Harnessing a cell culture of retinal pigment epithelium (RPE) to give rise to retinal neurons may offer a source of developing neurons for cell-replacement studies. This study explores the possibility of reprogramming RPE progeny cells to differentiate toward retinal neurons with achaete-scute homolog 1 (ash1), a proneural gene that is expressed in progenitor cells in the developing retina and promotes amacrine cell production when overexpressed in the chick retina.

METHODS

Replication Competent Avian Splice (RCAS) retrovirus was used to drive the ectopic expression of ash1 in cell cultures of dissociated RPE isolated from day 6 chick embryos. RCAS expressing green fluorescent protein (RCAS-GFP) was used as control. The cultures were examined for de novo generation of neuron-like cells by molecular, cellular, and physiologic criteria.

RESULTS

In control cultures infected with RCAS-GFP, RPE cells appeared cobblestone-like and often darkly pigmented. In cultures infected with RCAS-ash1, however, cells remained de-pigmented and frequently formed clusters. Further examination at the morphological and molecular levels showed the development of elaborate processes characteristic of neurons and the expression of genes/markers that identify different types of retinal neurons. The most prevalently expressed neural marker was calretinin, which in the chick retina identifies amacrine, ganglion, and horizontal cells. As an assay for functional maturation, the reprogrammed cells were analyzed for the presence of functional, ionotropic glutamate receptors that lead to a rise in the cytosolic free calcium (Ca(2+)) concentration.
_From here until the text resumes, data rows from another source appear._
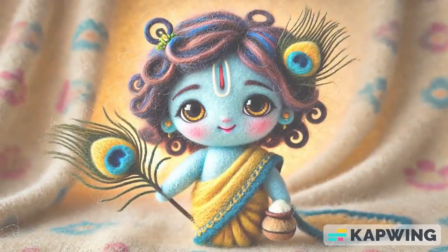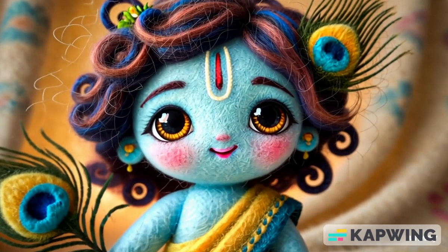Little Krishna with a heart so pure, innocent smile, my love's the cure.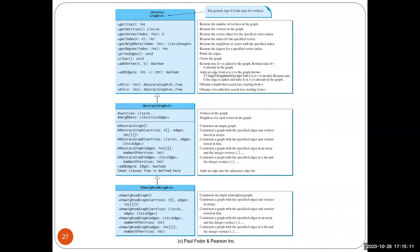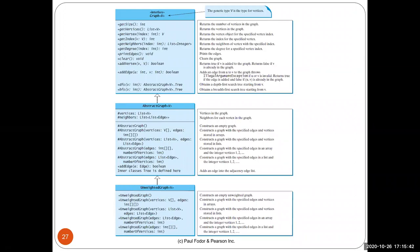The AbstractGraph class implements the Graph interface keeping vertices as an ArrayList of type V and the adjacency list as a list of lists of Edge objects — the last representation we discussed. It has five constructors: a default empty graph constructor, one taking an array of vertices and a 2D int matrix of edges, one taking a list of vertices and a list of edges, one taking a number of vertices (labeled 0 to n-1) and an edge matrix, and one taking a list of edges and number of vertices.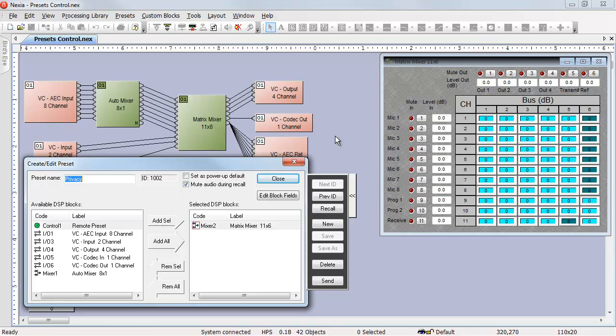There are several different ways to trigger presets in Nexia. In this file, I've created a simple teleconferencing system, and we're going to trigger normal mode and privacy mode by turning on the microphone mutes in the Matrix Mixer.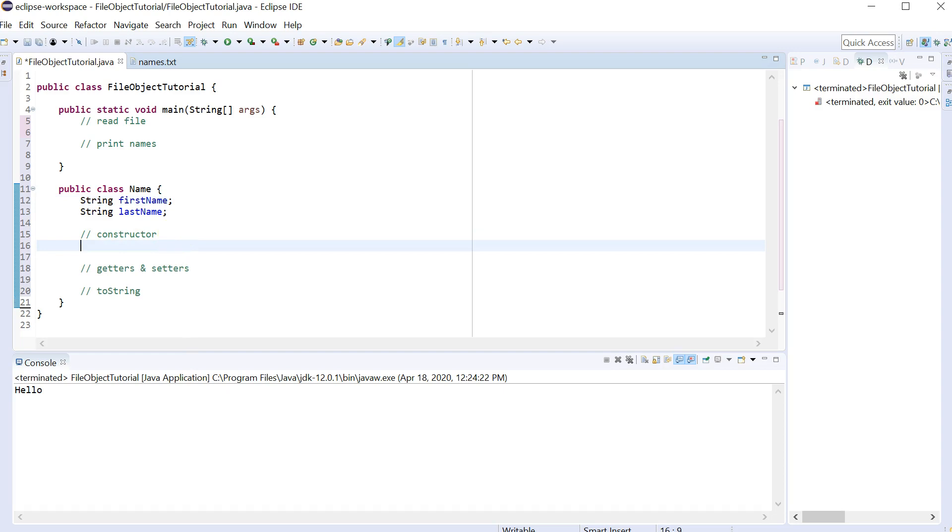So we're going to start with the constructor. Let's try giving it a Null constructor and a Full constructor. So what's the difference? A Null constructor won't take any arguments. A Full constructor will take both a FirstName and a LastName. So let's start with a Null constructor. Everything is going to be public. And this is going to... So the thing that makes a constructor different is that there is no return argument.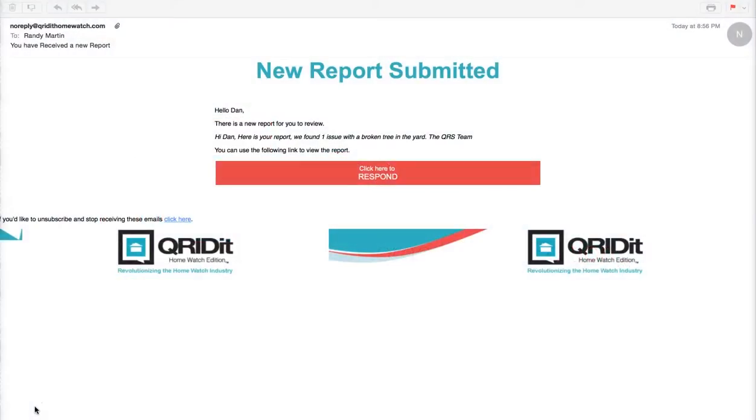Welcome to a QRS client tutorial on opening reports and sending comments to your service provider. This tutorial will show you how to open a report and send comments back to your service provider.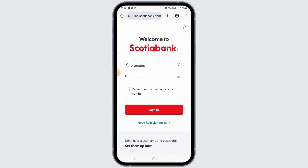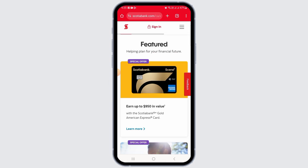After logging in, you will be prompted to select the account where you want to deposit the funds. If the sender added a security question, you will need to answer it correctly to receive the funds. If not, the transfer will automatically be deposited in your account.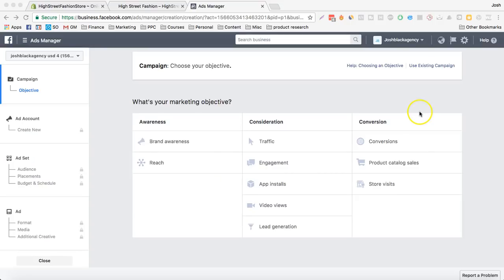Hey guys, I just wanted to show you the basics of setting up an ad, so let's get right into it.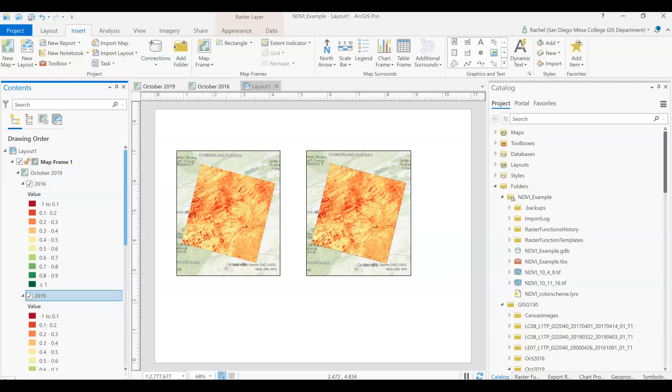That is how you add - that's the simplest way, well that's one way to add the two map frames to your final layout. There we go.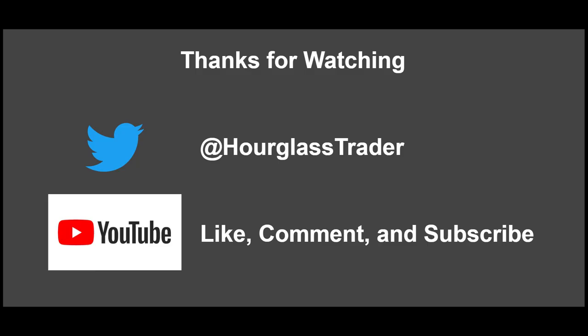Thanks for tuning in and feel free to follow us on social media. We've got our Twitter handle right here. Please subscribe to our channel, like the videos, leave comments. I'll try to get back to any comments or questions you guys have, whether they're on here or on Twitter. But until next time, this has been the Hourglass Trader, where as time passes, we make money.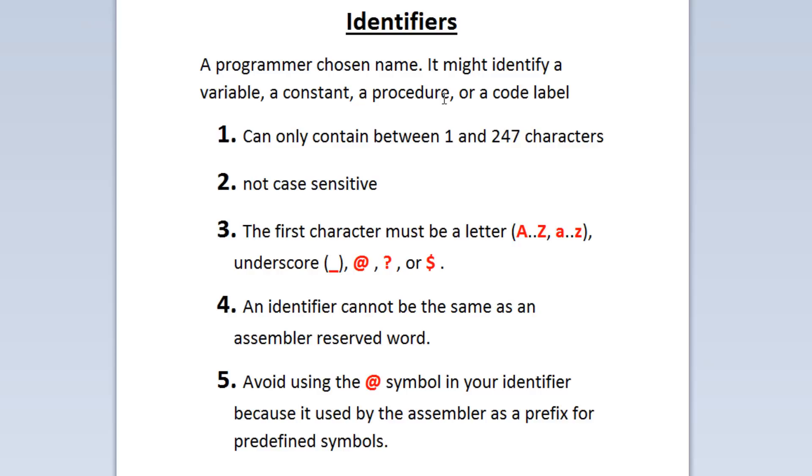Avoid using the at symbol in your identifier because it is used by assembler as a prefix for predefined symbols.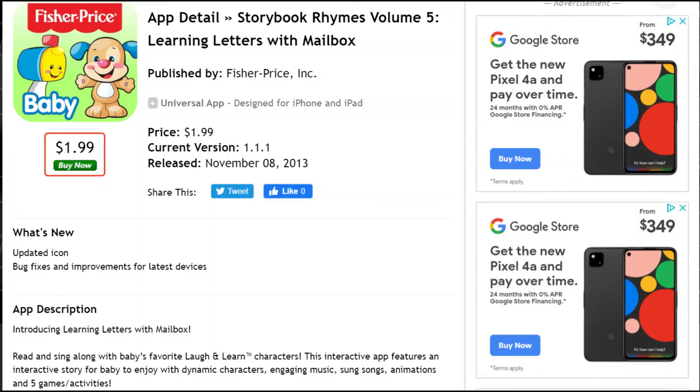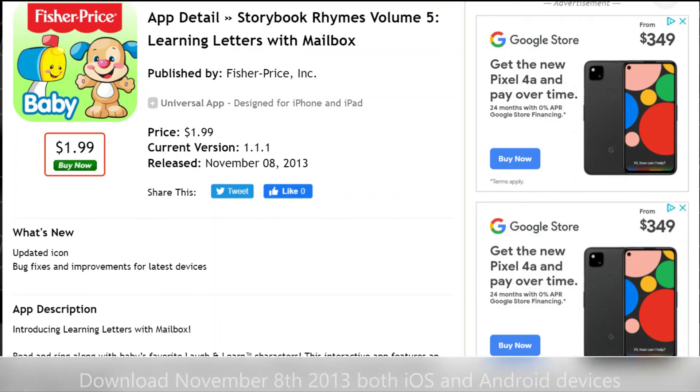Download Storybook Rhymes Vol. 5. Learn and explore while having fun.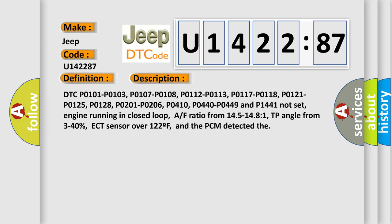DTC P0101, P0103, P0107, P0108, P0112, P0113, P0117, P0118, P0121, P0125, P0128, P0201, P0206, P0410, P0440, P0449, and P1441 not set. Engine running in closed loop.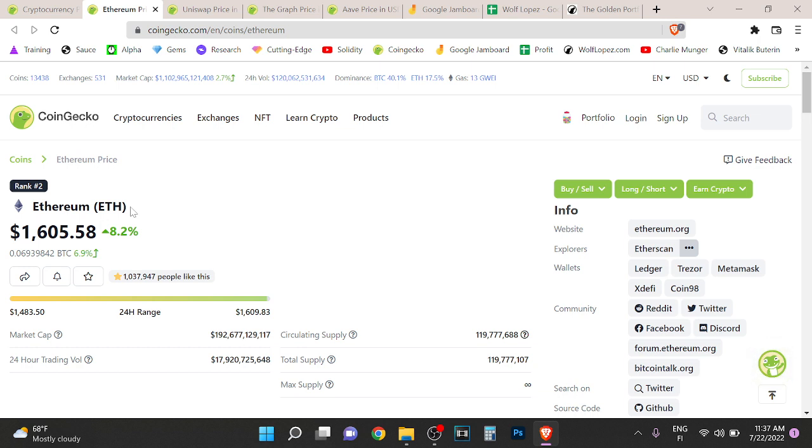Now Ethereum moving from proof of work to proof of stake makes Ethereum deflationary, which is great. That's something that I've been looking at and I've been studying Ethereum.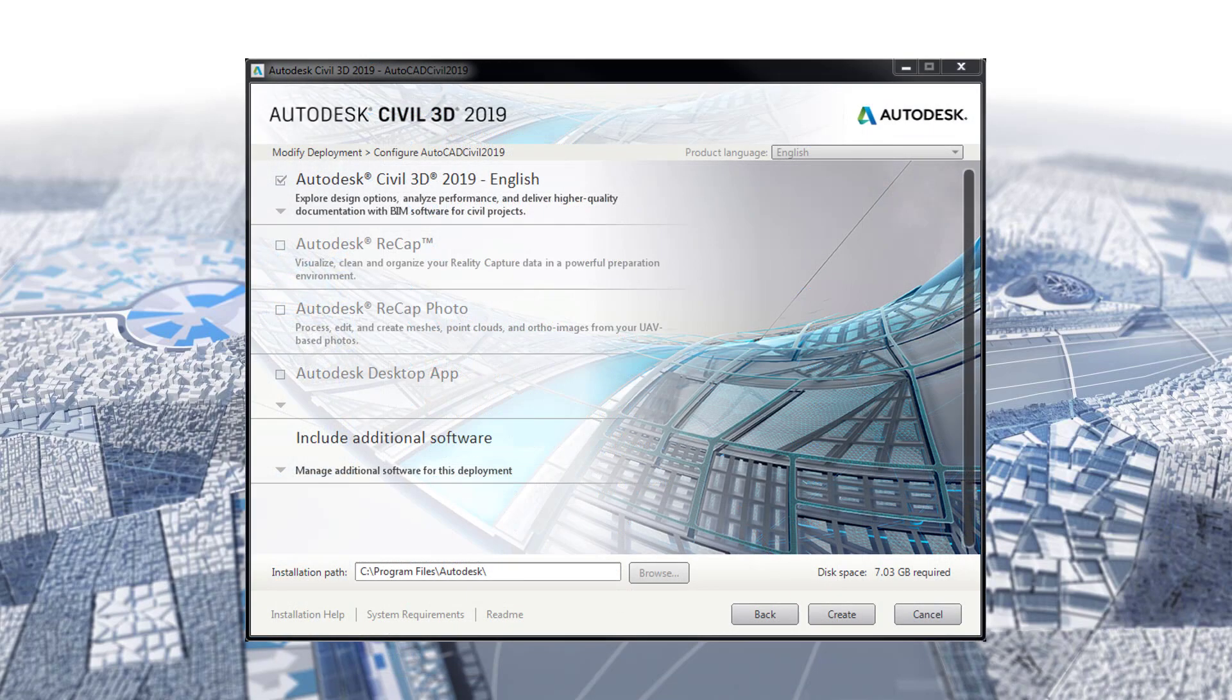Now, let's look at how to include the base product updates and the Geotechnical Module to the additional software section of the deployment. I have double-clicked the Create and Modify a Deployment shortcut within the Tools folder of my deployment and have clicked the Next button several times to get to the list of applications included with my deployment.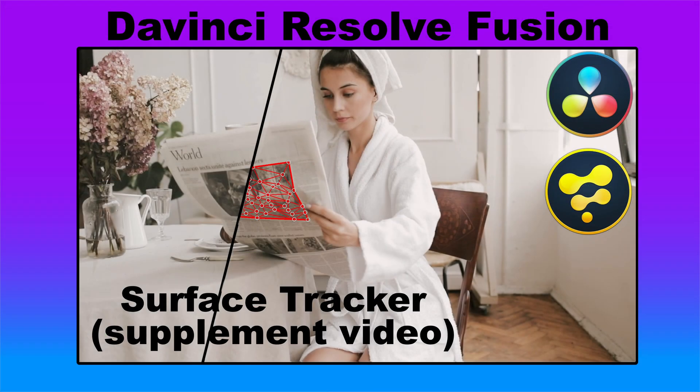So anyway, that's just a couple things that I had forgotten in the original video. Thanks for watching. I'll see you again in another video.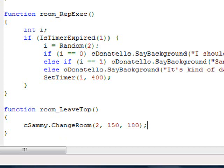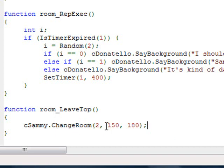We want that X and Y location to be about in the middle and near the bottom of the screen, because he's coming up from the bottom when he enters the room. So about 150 for X and 180 for Y should work. When Sammy crosses that yellow top edge line, he will change rooms, go to room number two — the party hall — and be placed at X location 150, Y location 180, which is around the bottom middle of the screen.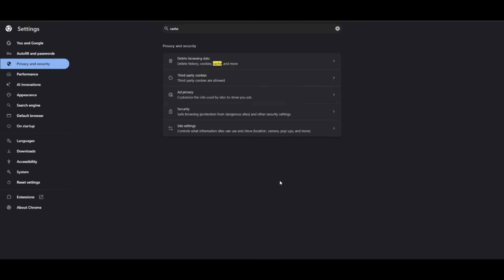Now, if the issue still persists, the other thing is to make sure that there is no proxy enabled in your system. If there is any proxy enabled in your system, then all you have to do is disable that proxy.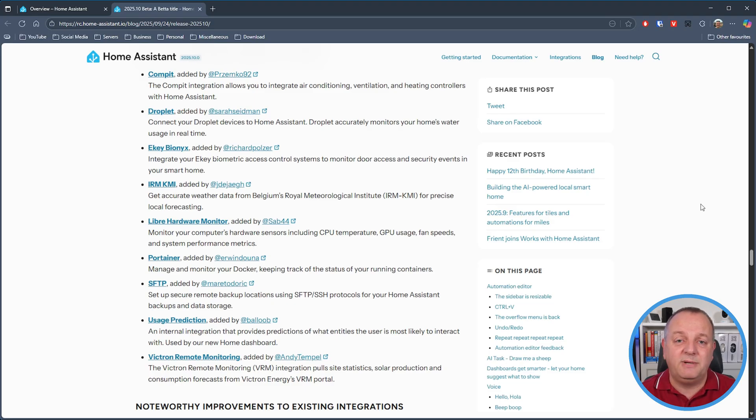If you're a fan of Portainer, there is a new integration that allows you to manage and monitor the status of your running containers. There's also a new SFTP integration that allows you to set up a secure remote backup location using SFTP and SSH protocols for your Home Assistant backups and data storage. The functionality behind the most frequently used devices on the new home dashboard is a new integration called usage prediction, so you can add that to your own dashboard. And finally there is a new Victron Remote Monitoring integration that lets you pull site stats, solar production and consumption forecast data from a Victron Energies VRM portal.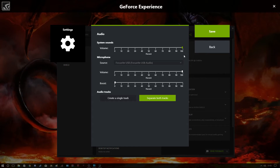Keep both at 100 so if you're talking to somebody on Discord they stay nice and loud — just turn your game down to about 30 and you're good. Then there's the microphone — my Focusrite 2i2 — also at 100%, and you can add some boost if you want. Then click 'Separate Both Tracks' and this is perfect.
Calcium imaging showed that reprogrammed cells responded to glutamate and N-methyl-D-aspartate (NMDA) by increasing their Ca(2+) concentrations, which, after reaching a peak level, returned to the basal level. The response curves of reprogrammed cells resembled those of cultured retinal neurons.

CONCLUSIONS

These results suggest that RPE progeny cells can be reprogrammed by ash1 to develop molecular, morphological, and physiologic properties that are characteristic of retinal neurons.